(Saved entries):
------------------------------------------------

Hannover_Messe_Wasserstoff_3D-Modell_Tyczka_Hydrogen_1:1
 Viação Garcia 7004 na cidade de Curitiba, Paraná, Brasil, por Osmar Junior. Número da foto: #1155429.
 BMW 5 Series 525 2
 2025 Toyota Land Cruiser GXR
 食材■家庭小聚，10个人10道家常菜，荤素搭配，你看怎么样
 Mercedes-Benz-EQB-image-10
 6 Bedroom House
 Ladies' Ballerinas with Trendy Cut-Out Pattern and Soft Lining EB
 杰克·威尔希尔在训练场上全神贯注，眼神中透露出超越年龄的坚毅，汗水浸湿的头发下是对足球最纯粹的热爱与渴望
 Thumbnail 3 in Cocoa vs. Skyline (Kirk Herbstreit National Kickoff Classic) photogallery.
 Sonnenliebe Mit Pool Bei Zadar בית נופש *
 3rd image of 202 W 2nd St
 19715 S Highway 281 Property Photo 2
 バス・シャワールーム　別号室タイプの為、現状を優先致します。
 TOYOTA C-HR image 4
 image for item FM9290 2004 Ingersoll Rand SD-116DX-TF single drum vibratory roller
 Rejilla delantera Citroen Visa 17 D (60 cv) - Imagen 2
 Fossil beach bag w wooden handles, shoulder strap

------------------------------------------------

(YOUR TASK): An exact copy of the lines above, from the one containing "2025 Toyota Land Cruiser GXR" down to the one containing "Thumbnail 3 in" and including both, is the whole answer; retype it and nothing else.

(RESULT OF THIS TASK):
 2025 Toyota Land Cruiser GXR
 食材■家庭小聚，10个人10道家常菜，荤素搭配，你看怎么样
 Mercedes-Benz-EQB-image-10
 6 Bedroom House
 Ladies' Ballerinas with Trendy Cut-Out Pattern and Soft Lining EB
 杰克·威尔希尔在训练场上全神贯注，眼神中透露出超越年龄的坚毅，汗水浸湿的头发下是对足球最纯粹的热爱与渴望
 Thumbnail 3 in Cocoa vs. Skyline (Kirk Herbstreit National Kickoff Classic) photogallery.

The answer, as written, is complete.